Data for this exercise: Begin

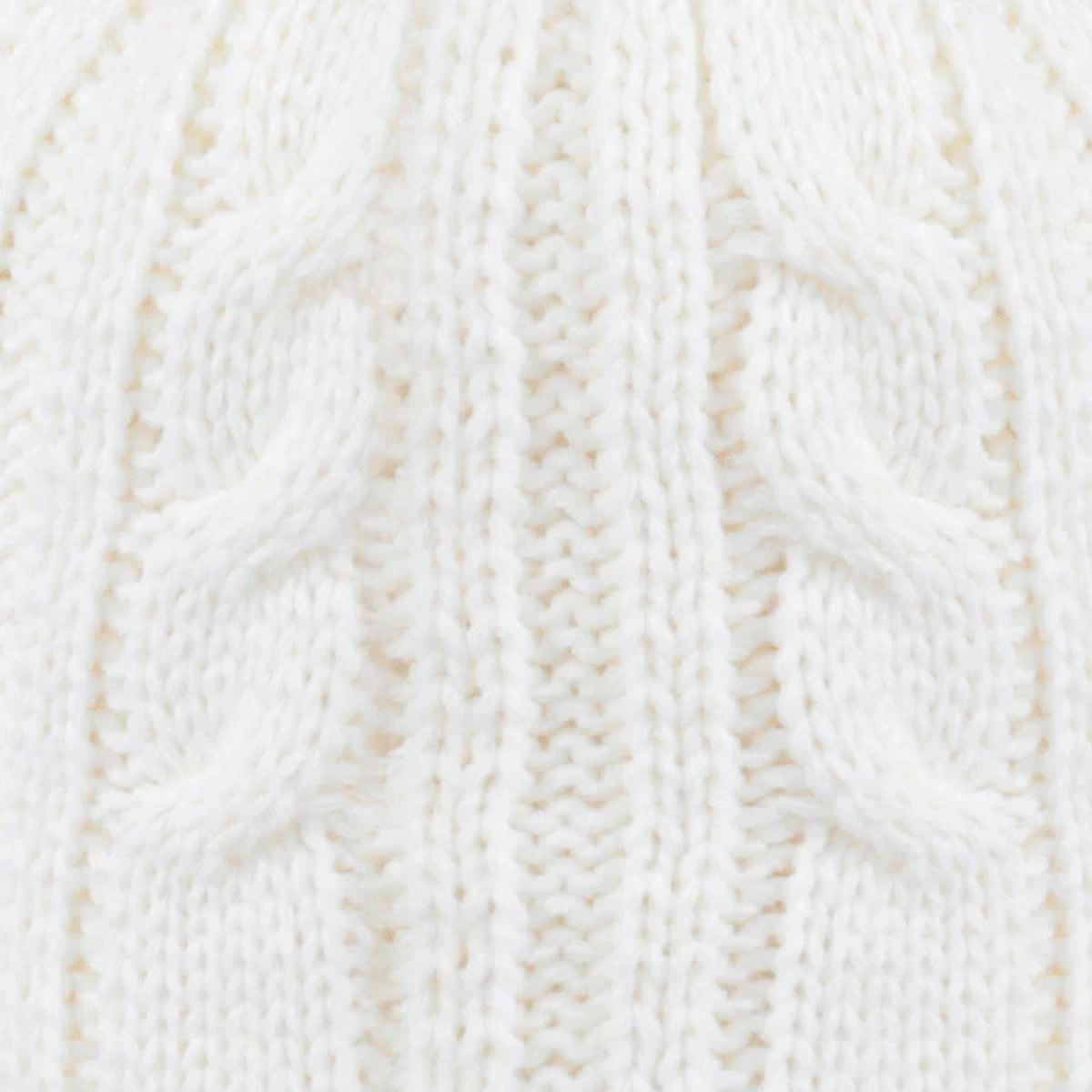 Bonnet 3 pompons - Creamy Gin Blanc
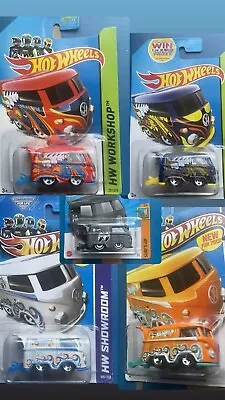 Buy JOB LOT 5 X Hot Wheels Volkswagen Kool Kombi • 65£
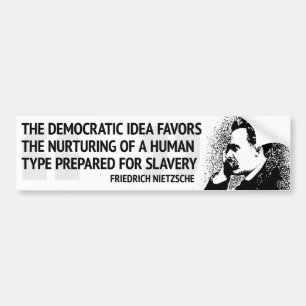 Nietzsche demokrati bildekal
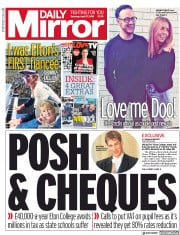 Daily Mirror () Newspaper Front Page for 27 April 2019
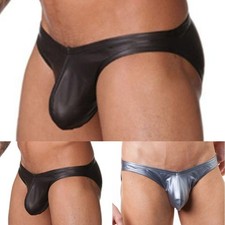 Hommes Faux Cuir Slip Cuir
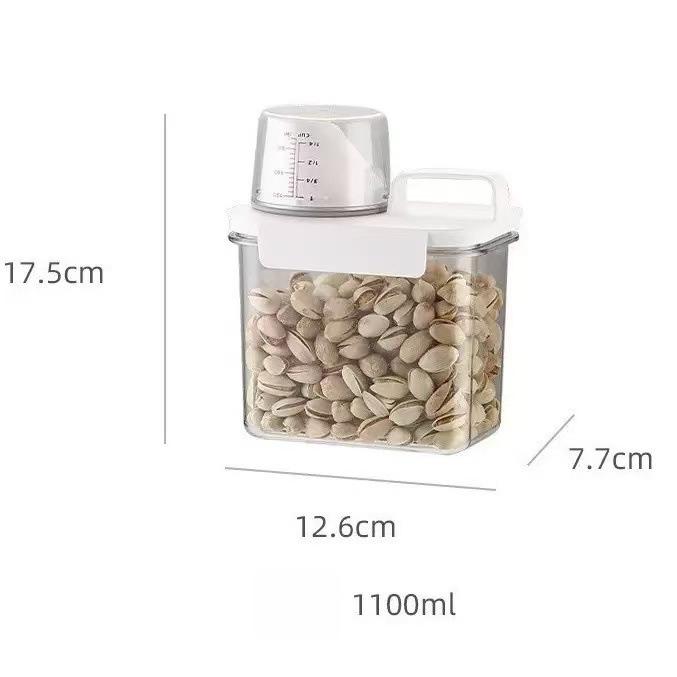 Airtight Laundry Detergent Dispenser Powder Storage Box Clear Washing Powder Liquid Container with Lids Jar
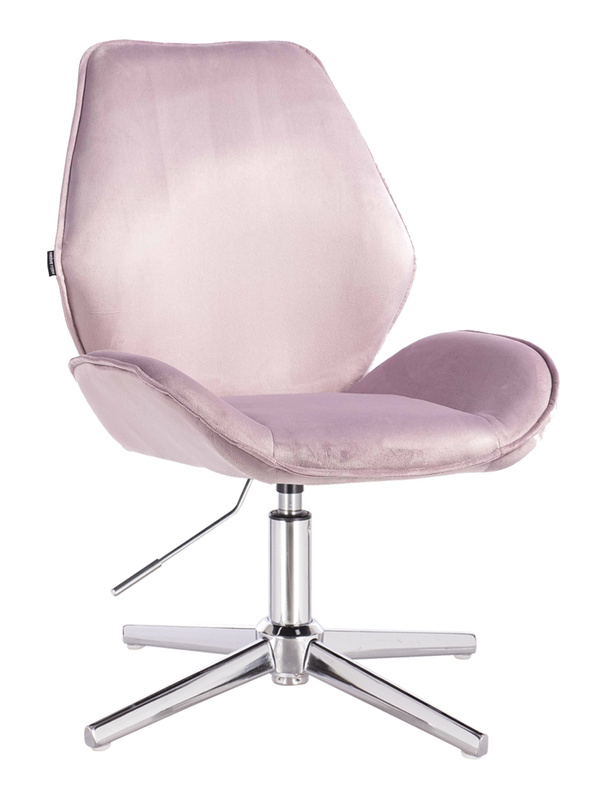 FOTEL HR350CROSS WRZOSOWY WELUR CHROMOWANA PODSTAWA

Data for this exercise: End

• **Exercise requirements**
Give again, unchanged, only the lines from the line containing "Airtight Laundry Detergent" to the last line of the records above. Pictures do not belong in the copy.

• **Output for this exercise**
 Airtight Laundry Detergent Dispenser Powder Storage Box Clear Washing Powder Liquid Container with Lids Jar
 FOTEL HR350CROSS WRZOSOWY WELUR CHROMOWANA PODSTAWA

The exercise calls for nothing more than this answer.